適切に休憩を取りながら、リラックスした状態で仕事を進める方が効率的であり、創造性を十分に発揮できることに多くの人が気づき始めています。
また、フリースペースと似た言葉に、フリーアドレスがあります。フリーアドレスとは、オフィス内で従業員が座る場所を自由に選ぶことができるシステムです。
コロナ禍でオフィスに出社する社員の数が減っている昨今、オフィスを効率的に、より創造的に活用するために、フリーアドレスを導入する企業が増えています。
フリースペースはフリーアドレスと近い考え方ですが、フリーアドレスはあくまでも仕事するためのスペースに関するもの。
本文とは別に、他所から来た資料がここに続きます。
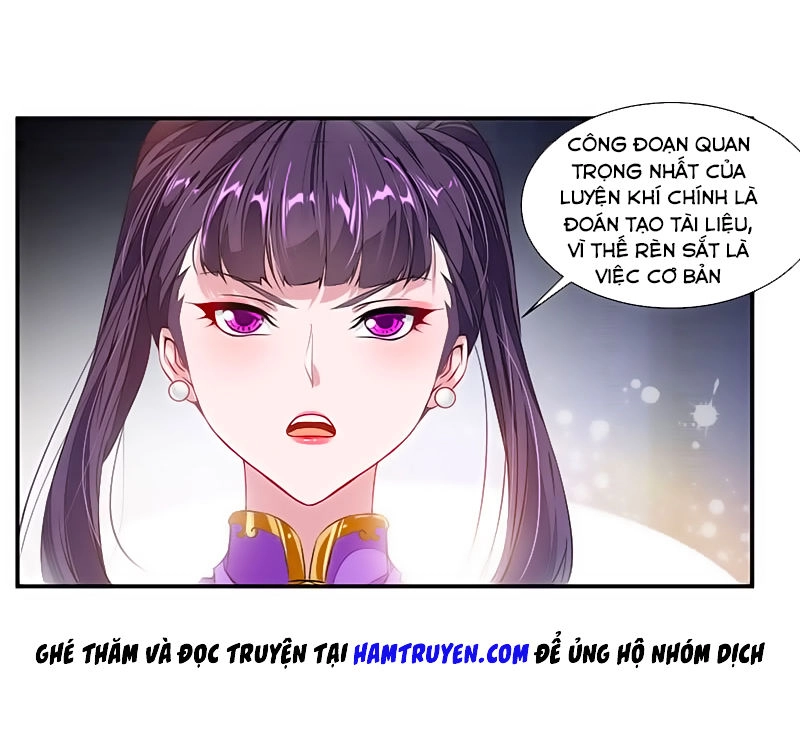 Cửu Dương Thần Vương Chapter 61 - 25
フリースペースは、もっと積極的に社員がリラックスしたり、自由に過ごせる場所をオフィスに作ろうとするものです。

オフィスにフリースペースを設置するメリット

フリースペースをオフィスに設けることで、どのようなメリットが期待できるのでしょうか。具体的に見ていきましょう。

生産性・効率性アップ

長時間ずっと、同じペースで働き続けることはできません。適度に休憩し、リラックスした方がトータルで見たときに生産性・効率性は向上します。フリースペースがあれば、デスクで休憩するよりも、肉体的にも精神的にもリフレッシュできます。

創造力アップ

優れたアイデアは、机に向かっているだけでは生まれません。アイデアが浮かぶのは、歩いているときや、お風呂に入っているときなどといわれます。優れたアイデアは、資料を読み込んだり、アイデアをひねり出そうと頭をフル回転させた後、ふとリラックスしたときに浮かびます。フリースペースは、まさにそのためのリラックススペース。社員の創造力・発想力アップにつながります。

コミュニケーションの促進

フリースペースは、チームや部署を超えた社員のコミュニケーションを促進します。オンラインにはない、リアルなコミュニケーションは、人と人との心地よいつながりを生み出し、社員の帰属意識を高めます。また何気ないコミュニケーションから、思わぬアイデアが生まれることもあります。こうした偶然の出会いや交流は「セレンディピティ」と呼ばれ、これからのオフィスに欠かせない要素として、今、注目を集めています。

オフィスにフリースペースを設置する際のポイント

多くのメリットがあるフリースペース。オフィスにフリースペースを設置する際のポイントを見ていきましょう。

使用目的を明確にする

フリースペースは、文字どおり「フリー」なので、さまざまな用途が想定できます。例えば、完全に社員に限定してリラックススペースとする。あるいは、外部の人も利用可能なスペースとして、ときには勉強会やセミナー、交流会などでの使用を想定することもできます。
前者なら、ソファやクッションを置き、冷蔵庫やコーヒーメーカーなどを置いてもよいでしょう。ちょっとしたお菓子や軽食を置いているオフィスもあります。後者の場合は、レイアウト変更が柔軟に行えるデスクやチェアを揃えておくと便利です。さらに大型のディスプレイがあると有効活用できます。

設置場所を検討

使用目的と同時に、設置場所をどこにするかも重要になります。社員のリラックススペースとして使うのであれば、多くの社員にとってアクセスしやすい場所を選ぶことが重要です。「わざわざ出向く」のではなく「ついでに立ち寄れる」くらいの気軽さが、多くの社員に利用してもらうには必要です。

ユニークなスペースに

フリースペースは、執務スペースとの違いが明確になるよう、少しユニークなスペースとなるよう工夫します。ユニークすぎて、リラックスできなくなってしまうと本末転倒ですが、ソファ、クッションなどを選ぶ際には、ありきたりにならないよう注意します。カウンターテーブルを設置すると、おしゃれな空間になります。
外部の人が使うスペースにするときも、印象に残るようなスペースにすると、イメージアップにつながります。

ルールを決める

特に、社員のリラックススペースとするときは、社員全員が共有して使うスペースになるので、皆が快適に利用できるよう、最低限のルールを作って周知します。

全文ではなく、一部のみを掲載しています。